The New York Times announced today that Mohammed Morsi of the Muslim Brotherhood has moved into the presidential office in Cairo, signifying Morsi’s victory in the presidential run-off. This is the first victory of an Islamist as head of state in the Arab world.
Nate Petrocine, a senior political science and international affairs dual major from Waterville Valley was in Cairo, Egypt, during the initial round of presidential elections at the end of May. He sent UNH a report from the field. Here’s an excerpt:
“…the streets remain as peaceful as a street in Cairo can remain. There are no protests, there are no rioters, and there are no Molotov cocktails. It is a typical evening in the capital on a not so typical day in Egyptian history. And this may be the most important aspect of the election, one that we may very well overlook.

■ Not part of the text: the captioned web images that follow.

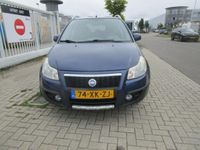 Afbeelding 2
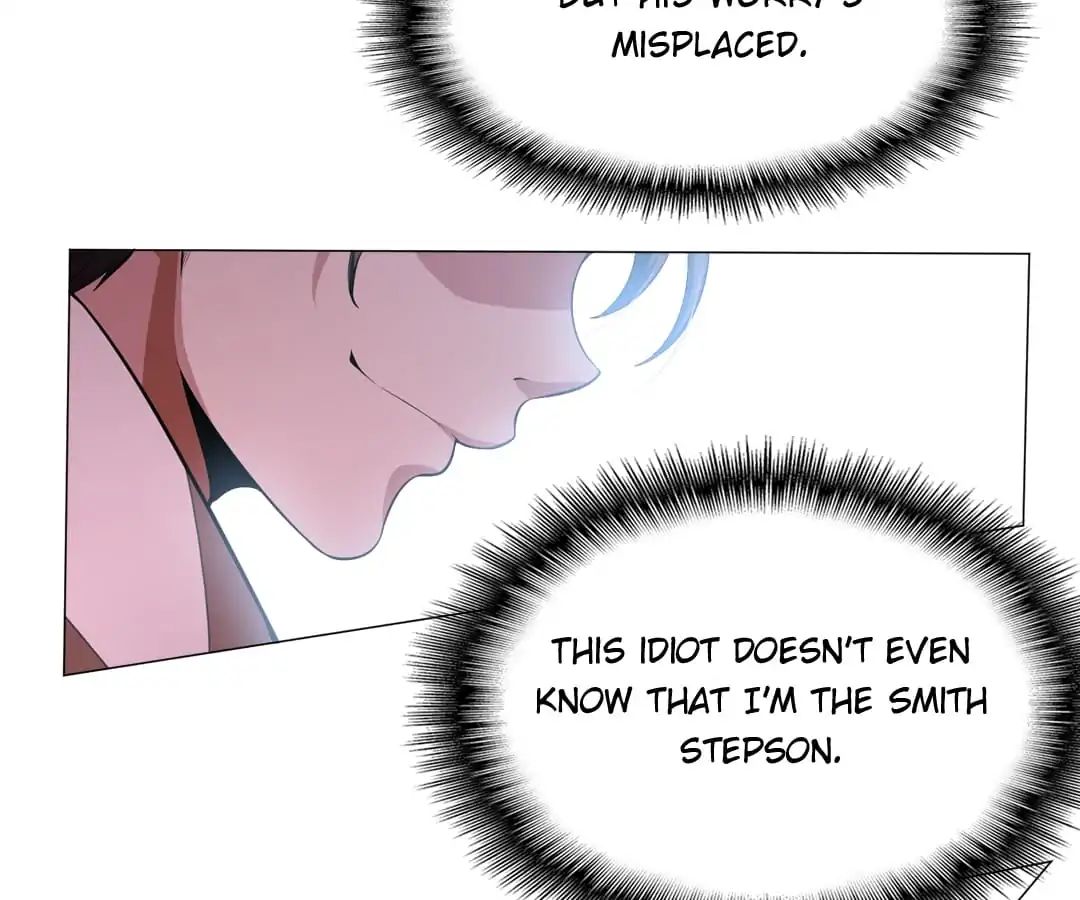 Page 95 of Chapter 84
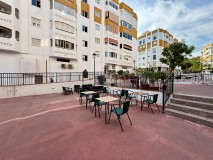 Foto15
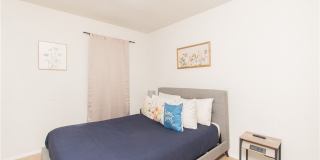 4405 Teri Road Gallery 7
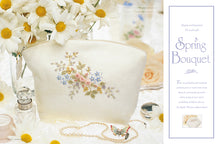 Load image into Gallery viewer, Inspirations Magazine Issue 28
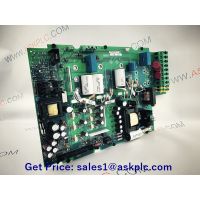 GE IC755CSW07CDA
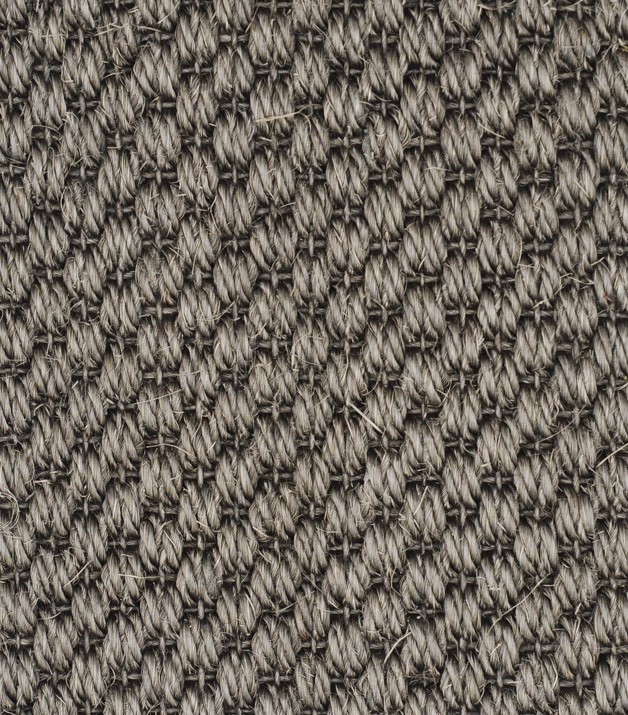  Matta Sisal Hampa 1.950 kr/kvm, Lang.kant 190kr/m - 5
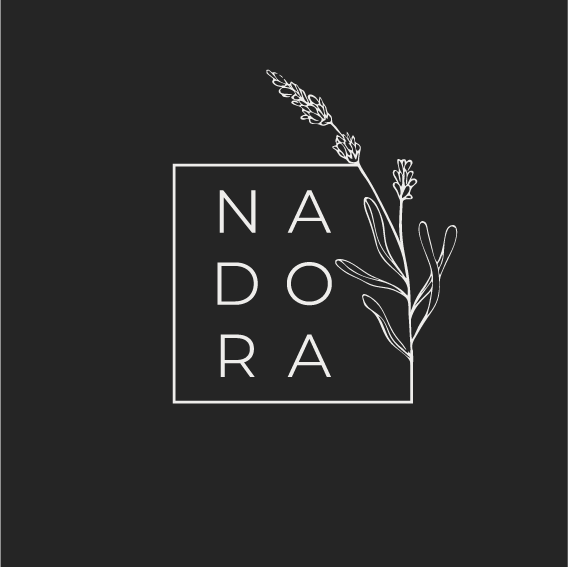 CDMX // branding . diseño gráfico . diseño de empaque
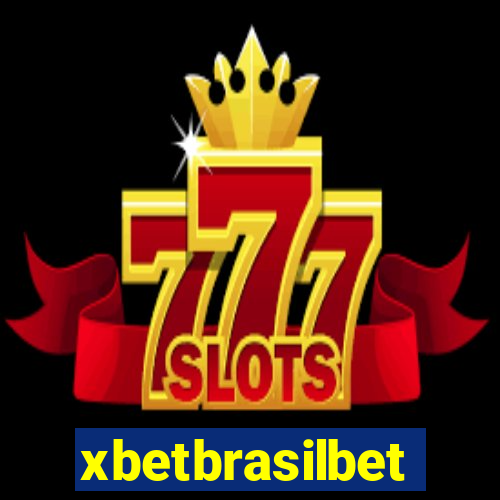 xbetbrasilbet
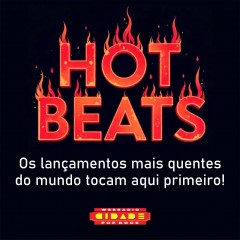 Hot Beats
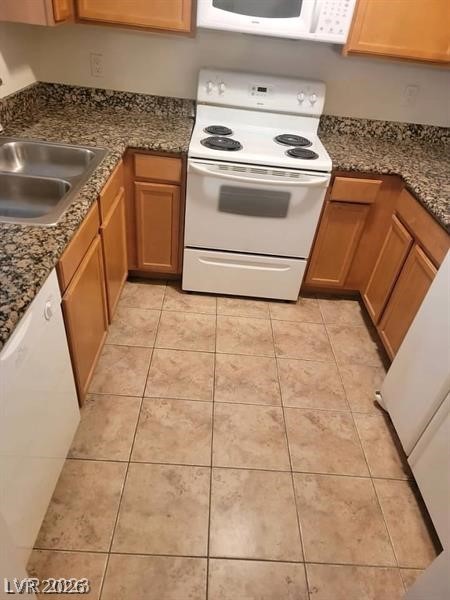 7730 Secret Shore Drive 207 Property Photo 13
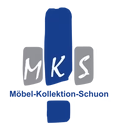 Möbel Kollektion Schuon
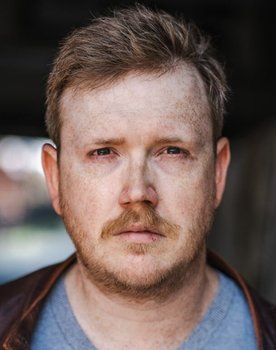 Kevin Patzke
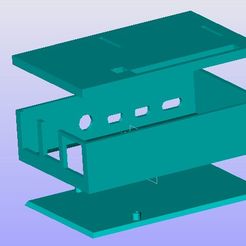 pi4modelb.jpg raspberrypi4 modelb cover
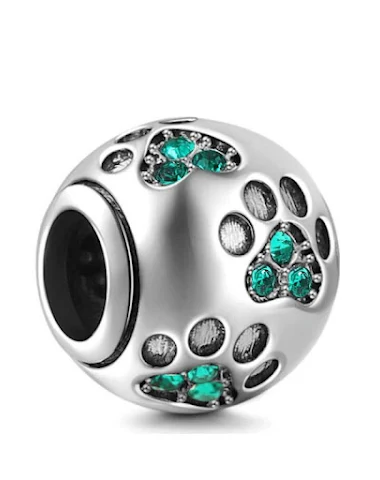 Image product - 2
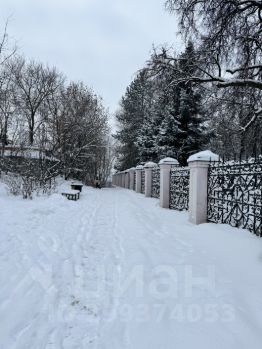 2-комн.кв., 45 м², этаж 4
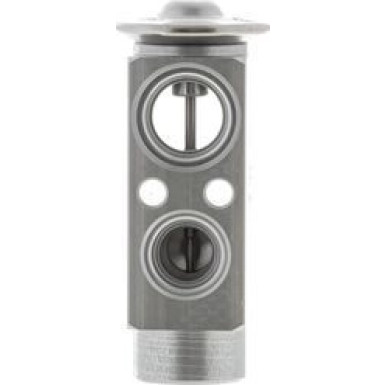 AVE 68 000P Expansionsventil, Klimaanlage BEHR *** PREMIUM LINE ***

“Egyptians are demonstrating they have the capacity to responsibly handle democratic transition seamlessly. On this Thursday evening nothing was out of the ordinary, save for the hundreds of Egyptians lining up at polling centers, waiting to cast their vote. They have taken the electoral process in stride with their everyday lives. That’s what is most inspiring. Egyptians who suffered more than 30 years of autocratic rule and 15 months of anticipation are quick to embrace democratic reform and have accepted the tremendous responsibility of choosing their first freely elected leader.”